Our Opinion 66, 88 N.J.L.J. 49 (1965), made a distinction between claims which are purchased by a collection agency and those which are merely assigned, holding that it would not be improper for a collection agency purchasing a claim to engage an attorney to represent the collection agency, whereas Opinion 17, supra, was controlling with respect to claims which are merely assigned to the collection agency. Opinion 264, 96 N.J.L.J. 1239 (1973), while dealing with a different subject, nonetheless did discuss the general prohibition of the present Code of Professional Responsibility against intermediaries between an attorney and his client and cited with approval Opinion 17, supra.

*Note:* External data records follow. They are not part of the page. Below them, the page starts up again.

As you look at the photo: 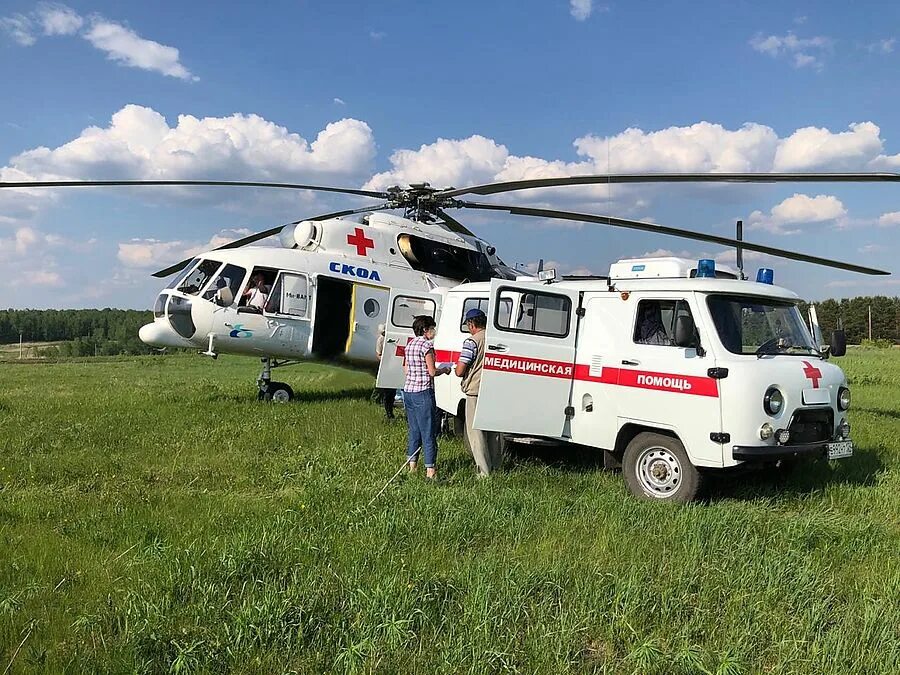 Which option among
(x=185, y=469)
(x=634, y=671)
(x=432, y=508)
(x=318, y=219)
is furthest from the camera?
(x=318, y=219)

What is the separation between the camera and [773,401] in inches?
234

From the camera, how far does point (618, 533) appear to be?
5168 millimetres

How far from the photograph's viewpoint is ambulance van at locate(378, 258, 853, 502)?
597 cm

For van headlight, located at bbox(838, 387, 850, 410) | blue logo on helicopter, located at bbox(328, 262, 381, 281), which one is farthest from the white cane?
blue logo on helicopter, located at bbox(328, 262, 381, 281)

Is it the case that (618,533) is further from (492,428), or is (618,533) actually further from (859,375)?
(859,375)

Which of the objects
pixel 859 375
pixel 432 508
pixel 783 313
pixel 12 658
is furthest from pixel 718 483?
pixel 859 375

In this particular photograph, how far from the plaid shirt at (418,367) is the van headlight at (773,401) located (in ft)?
10.5

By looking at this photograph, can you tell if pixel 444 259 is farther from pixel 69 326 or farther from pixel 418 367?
pixel 69 326

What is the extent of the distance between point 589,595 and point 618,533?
4.25ft

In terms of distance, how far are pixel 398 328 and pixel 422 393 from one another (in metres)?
3.24

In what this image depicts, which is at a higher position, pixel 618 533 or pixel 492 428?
pixel 492 428

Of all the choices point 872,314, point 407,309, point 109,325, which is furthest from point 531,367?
point 109,325

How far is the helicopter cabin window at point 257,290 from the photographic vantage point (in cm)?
1196

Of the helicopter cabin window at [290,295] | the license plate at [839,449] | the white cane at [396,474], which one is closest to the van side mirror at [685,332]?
the license plate at [839,449] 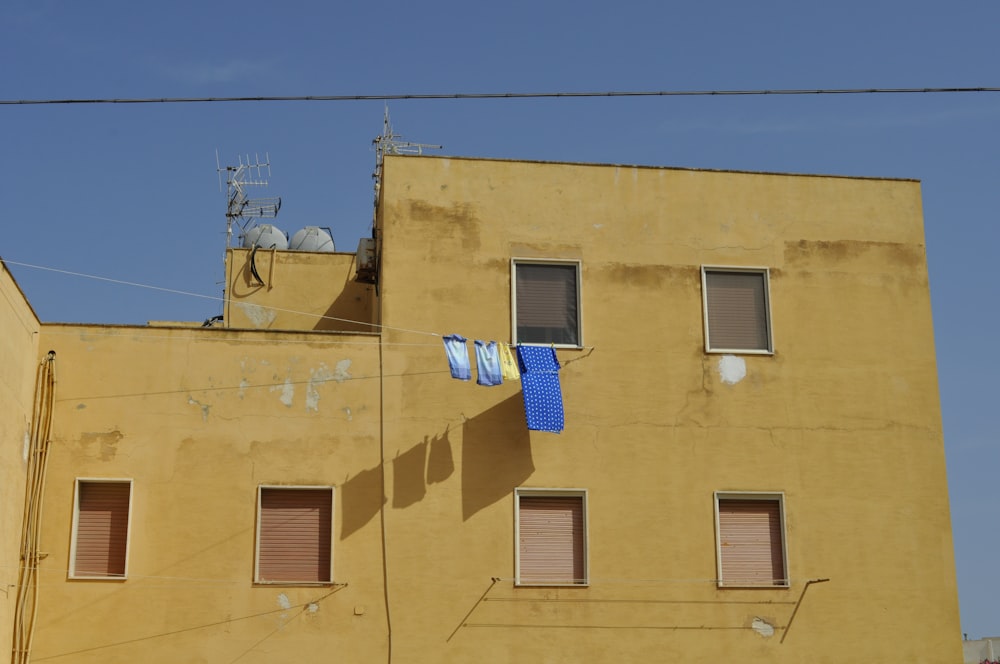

As pointed out in Opinion 264, the Canons of Professional Ethics, which were in effect at the time of the issuance of Opinions 17 and 66, were superseded by the Disciplinary Rules of the Code of Professional Responsibility. DR 5-107 (A) and (B) must be interpreted in light of the present inquiry. On the assumption that the collection agency engaging the attorney is merely the assignee of the claim, the "client" referred to in DR 5-107(A) must be the creditor and not the collection agency. Thus it is clear that it would be unethical for an attorney to be engaged by such agency without the consent of the creditor after full disclosure and unless the public interest is not adversely affected. Secondly, as pointed out in section (B) of DR 5-107, under no circumstances may the collection agency direct or regulate the professional judgment of the attorney rendering the legal services. Assuming that it would not be difficult for appropriate consent to be obtained from a creditor engaging a collection agency after appropriate full disclosure, the essential question to be decided
would be whether or not it would adversely affect the public interest to permit the collection agency to retain the services of the attorney. Wise, Legal Ethics, 103 (1966) lists several opinions of the American Bar Association Committee on Professional Ethics, holding that a collection agency may properly engage an attorney if:
1. the agency is authorized as an agent by the creditor to employ the attorney,
 
2. the attorney represents the creditor and not the agency;
 
3. there is no sharing of fees between the attorney and the agency;
 
4. the lawyer deals directly with the creditor unless the creditor has expressly authorized the agency to act in his place in dealing with the lawyer; (It is incumbent upon the lawyer to be sure of the nature and extent of the agency's authority in this regard.)
 
5. the attorney remits directly to the client but may deduct his own fee unless he is satisfied the creditor has authorized the agency to receive the remittance less the attorney's fee.
 

Likewise, Drinker, Legal Ethics (1961) indicates that an attorney may accept employment from a collection agency which he is satisfied was authorized by the client to employ him provided that the fees are not filed by the collection agency, that his relations with the client are direct and that he is always free to deal with
the client and further provided that the agency receives no share of the lawyer's fees.
This Committee is of the opinion that under the prescribed circumstances set forth above and under those circumstances only, it is not a violation of DR 5-107 for a collection agency to engage an attorney for the purpose of instituting suit against debtors of the customers of such agency. To this extent, Opinion 17, 87 N.J.L.J. 113 (1964), is modified.